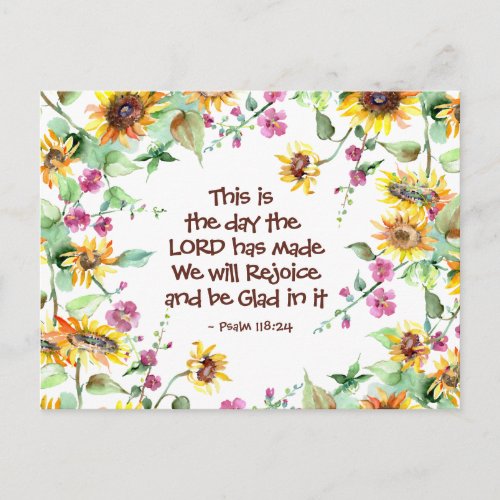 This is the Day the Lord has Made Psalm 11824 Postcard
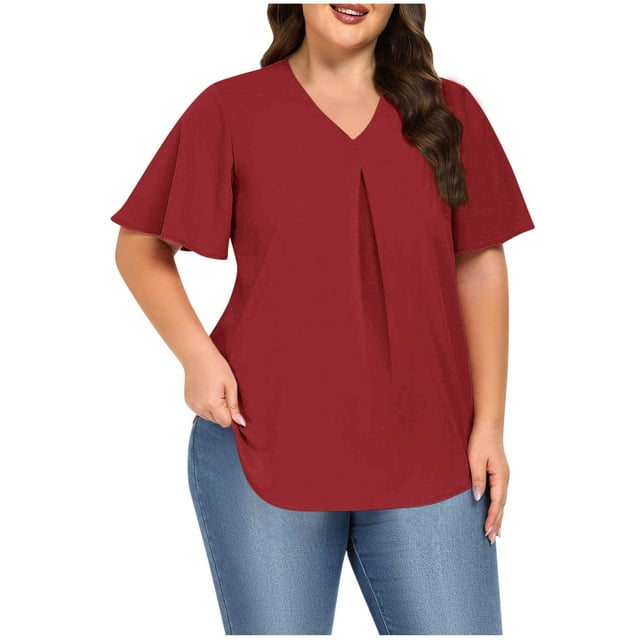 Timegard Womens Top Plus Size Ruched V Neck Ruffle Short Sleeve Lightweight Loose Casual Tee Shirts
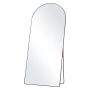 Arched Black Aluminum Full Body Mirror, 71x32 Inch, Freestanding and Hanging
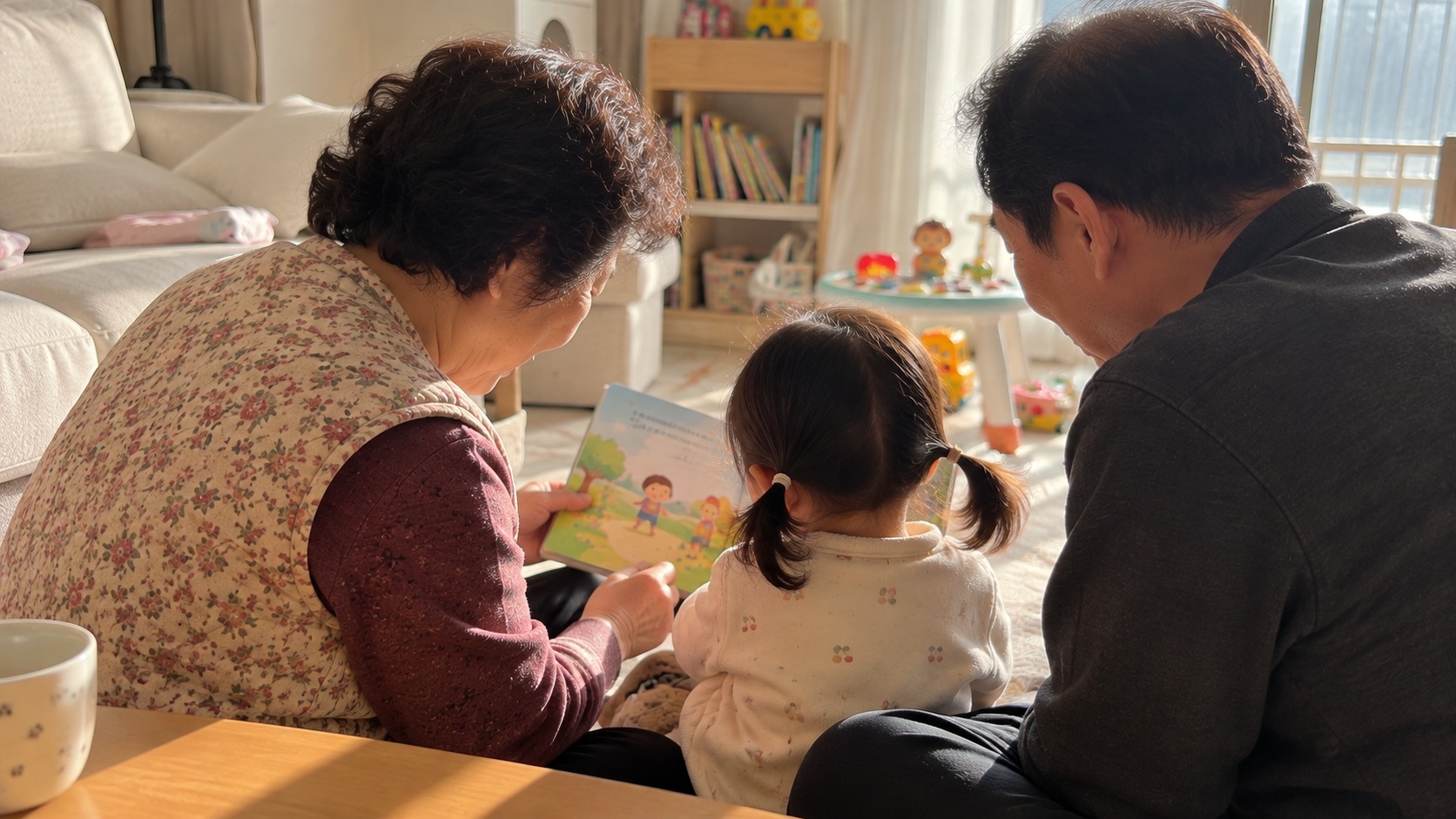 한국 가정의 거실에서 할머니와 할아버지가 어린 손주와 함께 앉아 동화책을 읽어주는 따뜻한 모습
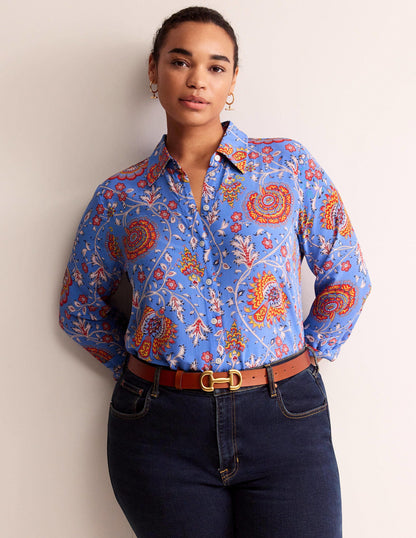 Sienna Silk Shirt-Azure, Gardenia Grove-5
::::
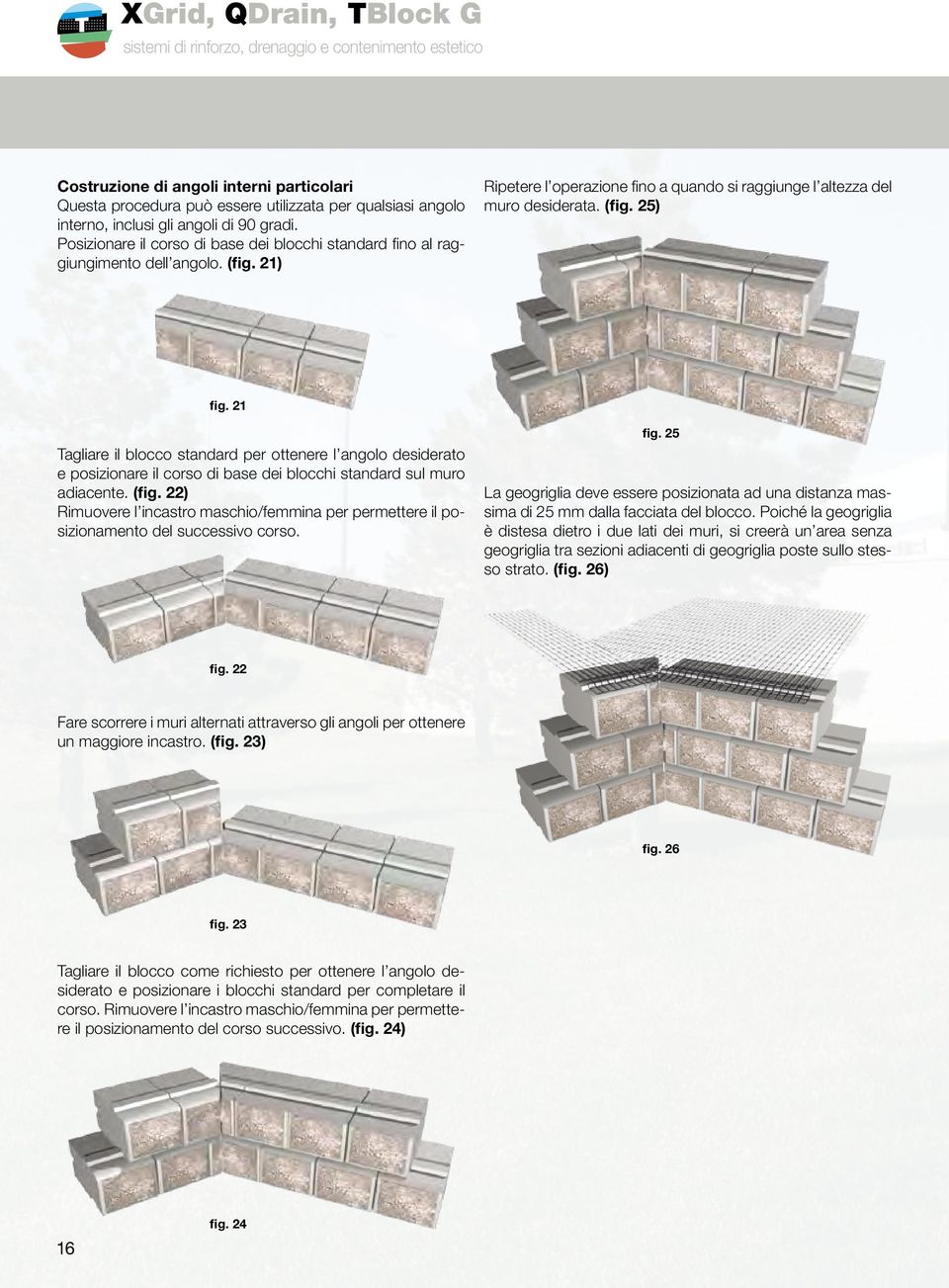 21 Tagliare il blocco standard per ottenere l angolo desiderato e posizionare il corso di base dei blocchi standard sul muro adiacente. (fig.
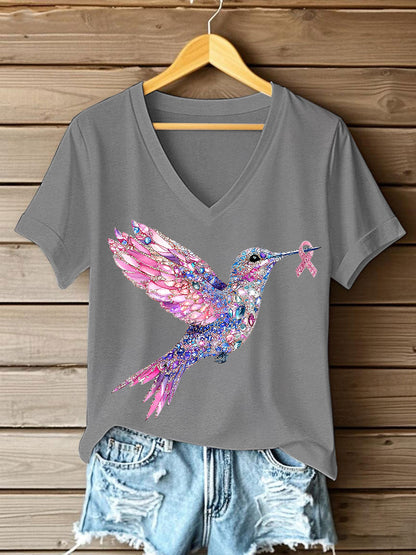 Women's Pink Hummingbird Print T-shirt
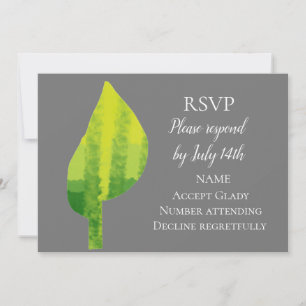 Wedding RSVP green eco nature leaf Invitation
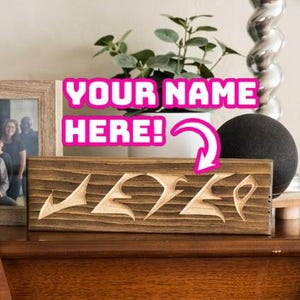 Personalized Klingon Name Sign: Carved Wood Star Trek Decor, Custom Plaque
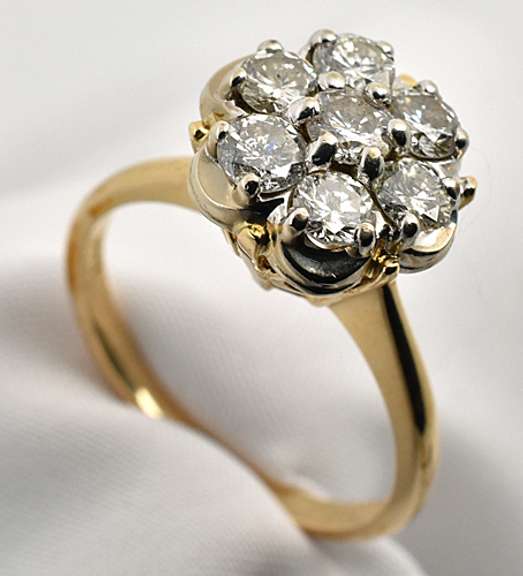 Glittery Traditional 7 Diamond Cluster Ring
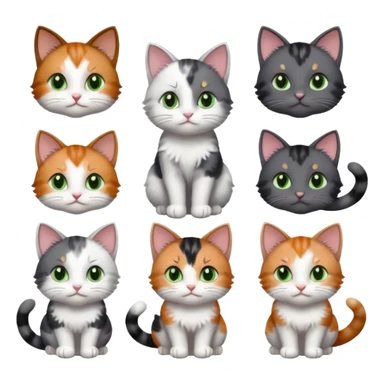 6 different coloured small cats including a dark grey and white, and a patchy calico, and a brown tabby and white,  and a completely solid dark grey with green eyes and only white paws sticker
::::
• Assignment: In the listing above, find the line containing "This is the" and the line containing "Sienna Silk Shirt-Azure, Gardenia Grove-5", then return both of them and every line between, exactly, without pictures.

• Exercise response:
 This is the Day the Lord has Made Psalm 11824 Postcard
 Timegard Womens Top Plus Size Ruched V Neck Ruffle Short Sleeve Lightweight Loose Casual Tee Shirts
 Arched Black Aluminum Full Body Mirror, 71x32 Inch, Freestanding and Hanging
 한국 가정의 거실에서 할머니와 할아버지가 어린 손주와 함께 앉아 동화책을 읽어주는 따뜻한 모습
 Sienna Silk Shirt-Azure, Gardenia Grove-5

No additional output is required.